W lekkim terenie opona jest po prostu dobra, nie porywa jakoś, ale też nie czuć dużych oporów toczenia, nie sprawa jakiegoś uczucia ciężkości, ale też rower nie odlatuje sam do przodu. Znacznie zmienia się to w cięższych warunkach. „Dobrze, że miałem tego Ardenta, bo jak się rozpadało na Trophy, to ten Ikon, by tam na tych kamieniach tak tańczył, że szybciej by było biec z rowerem w dół” To krótka recenzja tej opony, która przeszła test bojowy na Beskidy MTB Trophy. Przy niesprzyjającej aurze, opona pokazała pazur i sprawdziła się ponad przeciętnie.

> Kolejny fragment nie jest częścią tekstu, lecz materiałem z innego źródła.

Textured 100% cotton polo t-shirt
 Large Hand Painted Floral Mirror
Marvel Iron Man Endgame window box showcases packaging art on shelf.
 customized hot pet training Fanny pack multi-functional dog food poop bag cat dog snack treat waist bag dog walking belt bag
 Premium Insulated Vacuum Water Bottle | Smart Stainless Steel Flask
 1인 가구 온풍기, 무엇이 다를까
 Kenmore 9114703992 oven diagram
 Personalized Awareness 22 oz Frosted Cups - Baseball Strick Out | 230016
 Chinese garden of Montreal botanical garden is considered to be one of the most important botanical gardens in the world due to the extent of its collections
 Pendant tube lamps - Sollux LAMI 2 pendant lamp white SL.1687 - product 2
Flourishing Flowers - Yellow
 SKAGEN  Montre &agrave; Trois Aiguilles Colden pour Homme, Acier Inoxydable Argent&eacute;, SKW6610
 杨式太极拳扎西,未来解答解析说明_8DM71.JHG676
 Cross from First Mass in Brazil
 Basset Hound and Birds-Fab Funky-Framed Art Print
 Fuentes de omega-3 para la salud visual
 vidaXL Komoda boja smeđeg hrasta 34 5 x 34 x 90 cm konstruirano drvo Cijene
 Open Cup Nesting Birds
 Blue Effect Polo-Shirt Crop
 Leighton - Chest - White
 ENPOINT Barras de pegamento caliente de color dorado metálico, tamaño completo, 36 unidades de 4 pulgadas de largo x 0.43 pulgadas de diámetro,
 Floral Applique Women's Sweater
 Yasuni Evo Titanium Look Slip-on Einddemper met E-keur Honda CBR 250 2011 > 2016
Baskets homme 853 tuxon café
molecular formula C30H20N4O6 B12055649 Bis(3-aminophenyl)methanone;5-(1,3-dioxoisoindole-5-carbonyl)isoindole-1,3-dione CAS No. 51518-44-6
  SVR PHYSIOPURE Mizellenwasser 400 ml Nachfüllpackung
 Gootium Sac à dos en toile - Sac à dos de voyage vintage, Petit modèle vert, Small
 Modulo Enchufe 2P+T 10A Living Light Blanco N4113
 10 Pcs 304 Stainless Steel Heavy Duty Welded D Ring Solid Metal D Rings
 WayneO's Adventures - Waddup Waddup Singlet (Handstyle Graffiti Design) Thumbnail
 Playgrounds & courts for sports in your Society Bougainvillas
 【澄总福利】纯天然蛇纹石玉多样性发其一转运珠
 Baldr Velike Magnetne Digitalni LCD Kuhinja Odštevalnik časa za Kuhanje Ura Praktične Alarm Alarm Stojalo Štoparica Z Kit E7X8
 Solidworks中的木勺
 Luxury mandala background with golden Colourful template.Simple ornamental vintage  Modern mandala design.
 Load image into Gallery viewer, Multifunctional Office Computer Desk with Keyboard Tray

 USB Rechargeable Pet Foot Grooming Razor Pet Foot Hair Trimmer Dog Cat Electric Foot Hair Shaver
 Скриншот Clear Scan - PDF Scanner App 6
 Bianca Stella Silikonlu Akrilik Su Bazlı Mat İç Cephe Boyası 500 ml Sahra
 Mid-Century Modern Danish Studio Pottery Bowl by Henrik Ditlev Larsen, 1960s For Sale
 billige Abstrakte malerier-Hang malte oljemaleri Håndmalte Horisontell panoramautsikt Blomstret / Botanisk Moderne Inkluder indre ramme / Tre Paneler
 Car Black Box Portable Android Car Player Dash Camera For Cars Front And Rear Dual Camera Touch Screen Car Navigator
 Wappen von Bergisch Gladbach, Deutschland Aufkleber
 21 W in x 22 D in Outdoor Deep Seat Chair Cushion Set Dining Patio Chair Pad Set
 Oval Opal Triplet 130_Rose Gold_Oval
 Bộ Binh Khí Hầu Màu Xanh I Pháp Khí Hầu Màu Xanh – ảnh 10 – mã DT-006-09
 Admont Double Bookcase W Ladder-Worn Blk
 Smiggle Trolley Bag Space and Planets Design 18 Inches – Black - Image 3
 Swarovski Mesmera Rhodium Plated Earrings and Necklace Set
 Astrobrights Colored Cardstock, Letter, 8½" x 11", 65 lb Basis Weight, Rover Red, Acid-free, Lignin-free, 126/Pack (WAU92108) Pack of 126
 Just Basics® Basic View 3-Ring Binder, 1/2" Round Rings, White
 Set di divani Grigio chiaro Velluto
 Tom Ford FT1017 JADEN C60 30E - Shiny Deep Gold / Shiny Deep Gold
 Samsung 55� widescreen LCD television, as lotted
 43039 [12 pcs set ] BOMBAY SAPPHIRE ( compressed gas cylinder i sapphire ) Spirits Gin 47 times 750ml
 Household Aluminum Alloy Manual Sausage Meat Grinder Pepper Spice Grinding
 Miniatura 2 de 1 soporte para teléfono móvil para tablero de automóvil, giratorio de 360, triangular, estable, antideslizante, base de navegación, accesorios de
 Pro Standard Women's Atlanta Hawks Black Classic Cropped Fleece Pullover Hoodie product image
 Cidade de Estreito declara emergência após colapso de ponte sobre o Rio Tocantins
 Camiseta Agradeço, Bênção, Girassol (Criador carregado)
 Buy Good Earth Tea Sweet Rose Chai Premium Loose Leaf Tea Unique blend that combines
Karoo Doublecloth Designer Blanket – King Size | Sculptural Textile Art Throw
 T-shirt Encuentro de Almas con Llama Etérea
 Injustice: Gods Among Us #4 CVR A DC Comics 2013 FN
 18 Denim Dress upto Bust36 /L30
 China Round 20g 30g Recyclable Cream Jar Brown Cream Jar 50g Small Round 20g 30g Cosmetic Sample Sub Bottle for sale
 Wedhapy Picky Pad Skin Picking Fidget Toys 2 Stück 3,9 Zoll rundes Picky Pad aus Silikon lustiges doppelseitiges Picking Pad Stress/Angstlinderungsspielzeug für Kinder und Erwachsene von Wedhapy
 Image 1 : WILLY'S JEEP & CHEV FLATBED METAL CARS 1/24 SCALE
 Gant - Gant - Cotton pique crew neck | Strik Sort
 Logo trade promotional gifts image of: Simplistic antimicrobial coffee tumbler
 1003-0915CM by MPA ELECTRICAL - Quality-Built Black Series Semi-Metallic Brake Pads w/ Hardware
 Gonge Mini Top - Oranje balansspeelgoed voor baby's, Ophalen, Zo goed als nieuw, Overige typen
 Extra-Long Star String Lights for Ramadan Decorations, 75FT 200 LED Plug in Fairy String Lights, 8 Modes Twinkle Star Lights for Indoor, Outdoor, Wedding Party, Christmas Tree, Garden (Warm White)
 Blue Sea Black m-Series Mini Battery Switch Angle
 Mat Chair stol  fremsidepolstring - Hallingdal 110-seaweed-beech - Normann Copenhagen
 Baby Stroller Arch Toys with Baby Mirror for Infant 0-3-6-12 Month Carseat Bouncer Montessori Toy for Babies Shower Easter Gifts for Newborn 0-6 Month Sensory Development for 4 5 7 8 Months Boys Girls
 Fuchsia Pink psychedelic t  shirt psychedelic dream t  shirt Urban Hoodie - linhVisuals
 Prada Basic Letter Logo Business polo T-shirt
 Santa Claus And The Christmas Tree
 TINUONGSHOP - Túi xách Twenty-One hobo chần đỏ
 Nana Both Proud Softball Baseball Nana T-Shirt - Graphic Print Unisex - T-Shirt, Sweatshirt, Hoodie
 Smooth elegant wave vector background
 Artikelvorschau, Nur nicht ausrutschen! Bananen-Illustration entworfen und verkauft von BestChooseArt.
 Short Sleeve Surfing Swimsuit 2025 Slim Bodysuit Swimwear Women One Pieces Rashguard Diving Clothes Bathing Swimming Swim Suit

Ardent Race to opona na określone warunki, w typowych zwykłych leśnych warunkach można powiedzieć, że sprawuje się poprawnie, ale kiedy warunki na trasie robią się cięższe, to „brzydkie kaczątko” staje się rasową oponą i jej część nazwy „race” zaczyna nabierać sensu.